I'm trying to understand the purpose/behaviour of ...
# general
b
I'm trying to understand the purpose/behaviour of
~/.cache/pants/named_caches
. Based on https://www.pantsbuild.org/docs/using-pants-in-ci#directories-to-cache, there's suggestion that it should cache tools/PEXs. However, if I run a CI build with a full cache hit (key = hash of all lock files) on
named_caches
and an empty
lmdb_store
, I still see a lot of lines like the following (plus corresponding
Completed
): For lint/check (ends up being ~20s of wall time spent building the pexes):
Copy code
Starting: Building isort.pex from isort_default.lock
...
Starting: Building extra_type_stubs.pex
Starting: Building mypy.pex from 3rdparty/python/mypy.lock
Starting: Building 59 requirements for requirements.pex from the 3rdparty/python/default.lock resolve: ...
Starting: Building requirements_venv.pex
For testing (ends up being 2.5 minutes of wall time building pexes):
Copy code
Starting: Building 42 requirements for requirements.pex from the 3rdparty/python/default.lock resolve: ...
...
Starting: Building pytest_runner.pex
...
I'd be expecting that the ~2GB in
named_caches
would eliminate the 3 minutes of building all these pexes, even if nothing else is cached, but that's apparently not the behaviour. Is there something I may be doing wrong? (A few more details in the thread)
• I cannot see any significant difference in timing or output between the build above, or one with an empty
named_caches
too (i.e. fresh
named_caches
and
lmdb_store
) • Cache key:
Copy code
pants-named-${{ runner.os }}-${{ hashFiles('pants.toml') }}-${{ hashFiles('3rdparty/**/*.lock') }}
• The output above is from commands like
./pants lint check ::
and
./pants test ::
. • The output from
[stats].log = true
includes info like (
#
comments mine):
Copy code
Counters:
  ...
  local_cache_requests_cached: 0 # due to empty lmdb_store, presumably
  ...
local_store_read_blob_size
  ...
  sum: 14329918098 # 14GB suggests that _some_ cache is being used, but a build with empty named_caches has a similar number
• pants version: 2.13.0
w
the primary interesting named cache is for PEX… and the primary interesting subcomponent of that is of built wheels
if your build uses mostly pre-built wheels fetched from the network, it’s possible that re-fetching them is cheaper for you.
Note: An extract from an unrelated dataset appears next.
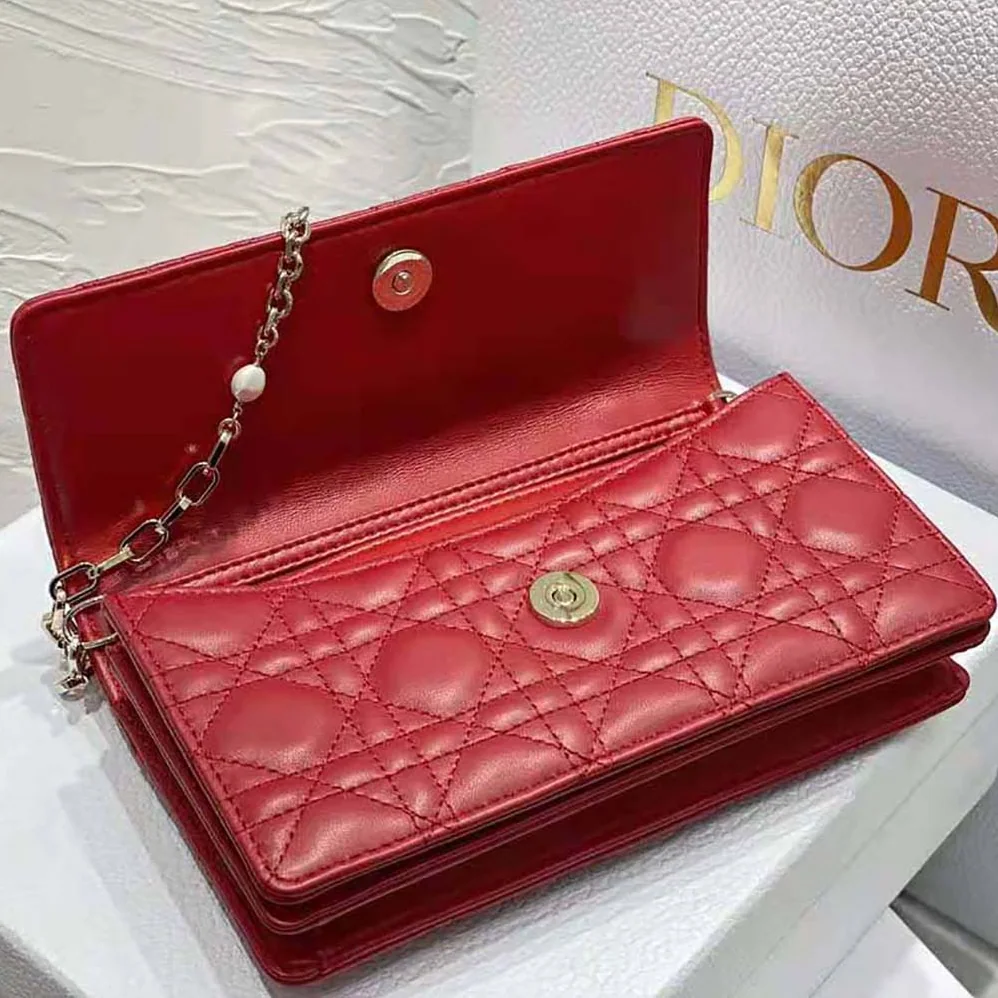 Dior Lady Dior Top Handle Clutch Scarlet Red Cannage Lambskin for Women Dior Lady Dior Top Handle Clutch Scarlet Red Cannage Lambskin for Women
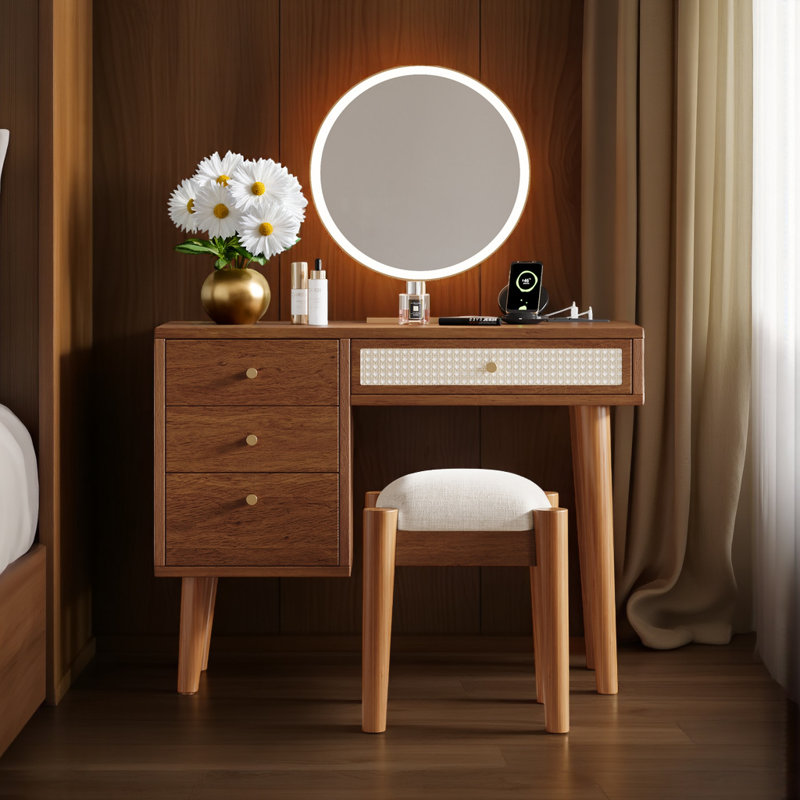 Retro Makeup Vanity Set with Charging Plug & USB Port, 3 Storage Rattan Drawers, Includes Stool, Brown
the lmdb store caches complete process executions: you either completely hit or completely miss for each process
the named caches can “partially” accelerate something like a python resolve process, by skipping some individual steps inside the process (such as wheel builds)
b
Hm, okay. I think our external dependencies are entirely bdist/wheels, so that seems to match with what you say
I think this suggests that it'd be better for our CI to just not cache
named_caches
at all, because the time spent restoring/saving it seems to be more than it saves
Oh, I forgot to thank you for your insight yesterday... sorry and thank you! To confirm, the behaviour is that the pex files referenced in these
Starting: Building ... Completed: Building ...
lines are cached in
lmdb_store
(or in a remote cache, if using), rather than
named_caches
, even the tool ones (using default lockfiles) like black/isort?
w
that’s correct: you can hit/miss for the entire process using the
lmdb_store
(local) or remote cache
👍 1
c
@broad-processor-92400 were you able to have luck just by not caching
named_caches
and only caching the
lmdb_store
?
b
yep; I've removed the named_caches cache, and that's saving us 30-45s in each CI build.
w
👍 1
c
what keys do you end up caching on for lmdb store?
b
Our key is
pants-lmdb-${{ runner.os }}-${{ hashFiles('pants.toml') }}-${{ hashFiles('**/BUILD') }}-${{ hashFiles('subdir/**/*') }}
and then we restore from truncated versions of that (we're only using pants in
subdir
at the moment). We're hoping to switch to a remote cache soon-ish though.